Claire Carberry, a partner at Brighton-based lawyers DMH Stallard said it is vital both patients and their families are as fully prepared as possible to help them cope with what happens as Dementia Awareness week comes to an end.

Mrs Carberry is a Dementia Friends Champion, which means she volunteers to encourage others to make a positive difference to people living with dementia in their community.

Her mother Barbara, 85, is in the late stages of the condition and being cared for in a specialist nursing home.

Mrs Carberry, 42, believes her mother first started showing signs of a problem when she moved to Seaford about six years ago.

She said: “When she moved, she struggled to find her way round and to meet people.
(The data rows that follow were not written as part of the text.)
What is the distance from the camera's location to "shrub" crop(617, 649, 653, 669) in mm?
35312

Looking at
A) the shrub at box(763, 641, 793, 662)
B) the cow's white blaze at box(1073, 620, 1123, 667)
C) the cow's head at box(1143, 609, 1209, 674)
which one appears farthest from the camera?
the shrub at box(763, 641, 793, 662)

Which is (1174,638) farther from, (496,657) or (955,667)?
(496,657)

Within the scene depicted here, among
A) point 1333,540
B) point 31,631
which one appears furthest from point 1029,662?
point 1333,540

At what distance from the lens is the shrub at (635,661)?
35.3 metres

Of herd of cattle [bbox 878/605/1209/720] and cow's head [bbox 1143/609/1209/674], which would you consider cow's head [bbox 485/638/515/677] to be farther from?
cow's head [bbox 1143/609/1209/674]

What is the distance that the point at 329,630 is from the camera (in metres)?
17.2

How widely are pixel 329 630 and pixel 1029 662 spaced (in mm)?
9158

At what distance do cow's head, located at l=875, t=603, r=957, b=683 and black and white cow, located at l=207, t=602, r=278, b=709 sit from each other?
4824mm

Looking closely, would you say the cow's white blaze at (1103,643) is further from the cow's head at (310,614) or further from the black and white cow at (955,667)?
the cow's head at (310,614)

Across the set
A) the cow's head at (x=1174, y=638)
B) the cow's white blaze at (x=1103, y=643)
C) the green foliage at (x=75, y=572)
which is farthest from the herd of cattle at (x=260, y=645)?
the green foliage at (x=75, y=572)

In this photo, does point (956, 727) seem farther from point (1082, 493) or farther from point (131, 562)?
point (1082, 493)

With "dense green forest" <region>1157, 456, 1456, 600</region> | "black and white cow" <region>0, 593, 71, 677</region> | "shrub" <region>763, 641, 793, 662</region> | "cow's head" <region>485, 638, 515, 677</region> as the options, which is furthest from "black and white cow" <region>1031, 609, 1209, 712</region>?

Looking back, this was probably as a result of the start of dementia.

“The ‘big-bang’, almost literally, was when she left the bathroom taps on at home.

“Water eventually started pouring through the ceiling, fusing the electrics and making her home uninhabitable.
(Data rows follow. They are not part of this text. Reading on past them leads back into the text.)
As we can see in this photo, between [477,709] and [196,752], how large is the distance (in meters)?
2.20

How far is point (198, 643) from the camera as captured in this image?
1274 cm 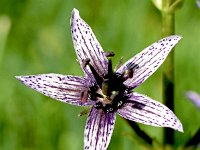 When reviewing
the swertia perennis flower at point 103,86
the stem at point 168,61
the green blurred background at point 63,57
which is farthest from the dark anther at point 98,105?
the green blurred background at point 63,57

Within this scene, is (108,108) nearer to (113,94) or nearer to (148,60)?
(113,94)

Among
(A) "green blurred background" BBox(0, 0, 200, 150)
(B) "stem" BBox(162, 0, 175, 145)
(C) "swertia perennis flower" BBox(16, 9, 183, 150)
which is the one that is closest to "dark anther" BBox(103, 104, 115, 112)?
(C) "swertia perennis flower" BBox(16, 9, 183, 150)

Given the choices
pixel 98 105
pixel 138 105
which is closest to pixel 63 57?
pixel 98 105

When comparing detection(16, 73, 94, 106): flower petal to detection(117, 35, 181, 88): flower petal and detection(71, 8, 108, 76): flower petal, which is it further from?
detection(117, 35, 181, 88): flower petal

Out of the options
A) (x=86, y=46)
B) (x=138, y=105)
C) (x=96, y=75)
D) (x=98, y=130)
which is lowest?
(x=98, y=130)

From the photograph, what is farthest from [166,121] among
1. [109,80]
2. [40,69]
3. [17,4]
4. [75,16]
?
[17,4]

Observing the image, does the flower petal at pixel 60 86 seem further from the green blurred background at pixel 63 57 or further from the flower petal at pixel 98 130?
the green blurred background at pixel 63 57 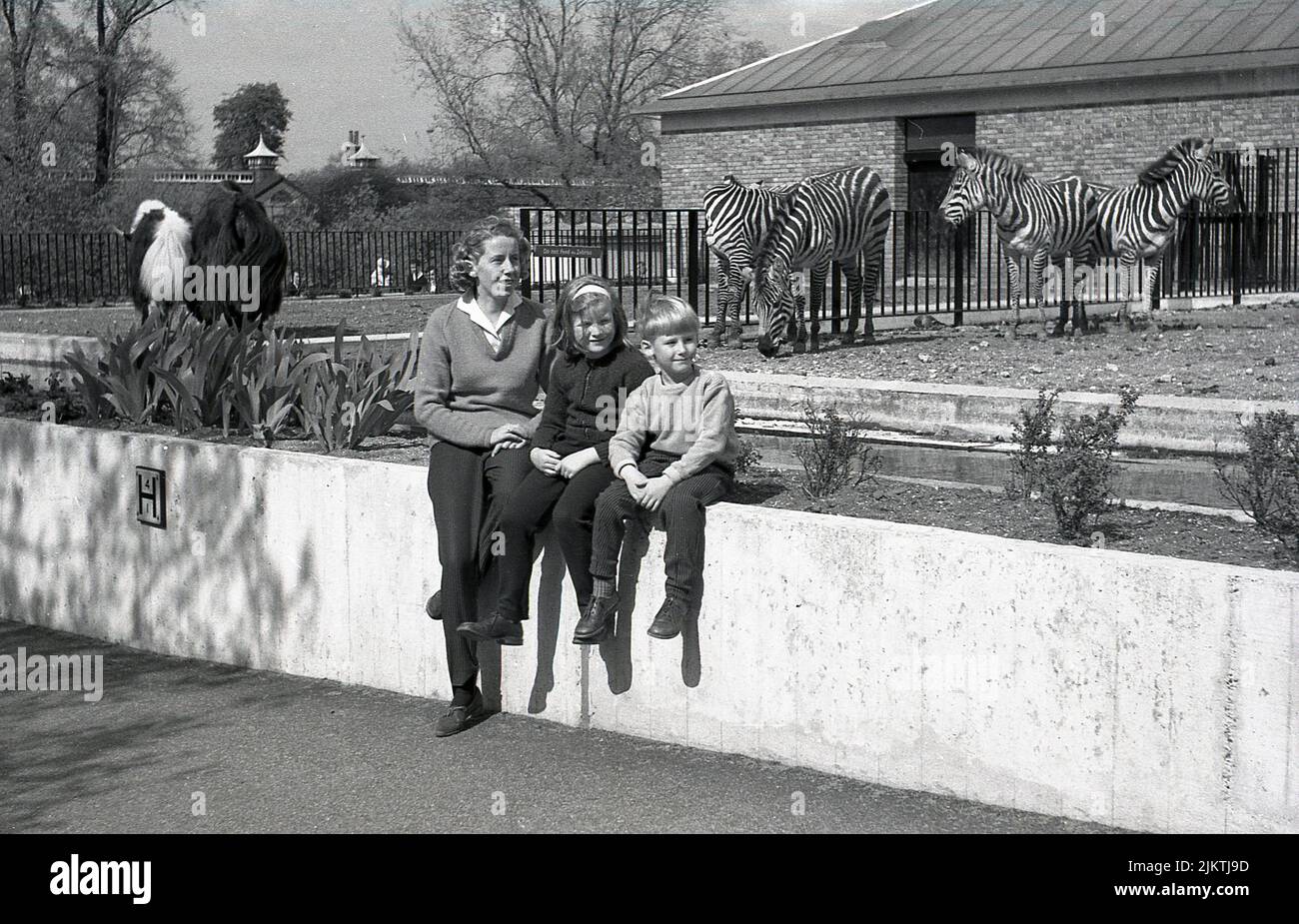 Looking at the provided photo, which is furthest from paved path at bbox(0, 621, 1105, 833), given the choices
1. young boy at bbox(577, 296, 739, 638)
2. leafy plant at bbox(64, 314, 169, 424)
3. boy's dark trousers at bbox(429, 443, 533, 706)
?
leafy plant at bbox(64, 314, 169, 424)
“She ended up staying with us and it was only then that I fully realised how bad she was.”

Mrs Carberry, from Lewes, said a key issue for dementia patients and their relatives is funding as care is expensive and social services have limited resources.

She said it was vital people affected prepared themselves by addressing dementia directly and not bury their heads in the sand as it is vital they find out their options and start planning ahead.

Mrs Carberry is also calling for more education for everyone about the condition, its physical and mental impact and how to communicate with patients.

Organisations like the Alzheimer's Society can help by providing information and support.

Mrs Carberry said: “I was lucky. “I do this for a living, so although I didn’t know all the answers, I knew where to go.

“You can’t cater for all eventualities but you need to plan for those you can.

“If possible, have that difficult conversation with your parents now. Have they got wills and powers of attorney in place already?

“What do they want to do about their care as they get older? Are their finances in order? It might be a tricky conversation now, but it will be a lot trickier when ‘in theory’ becomes reality.”

As part of Dementia Awareness Week the Alzheimer's Society is encouraging anyone who is worried about dementia to confront their concerns and get in touch with them.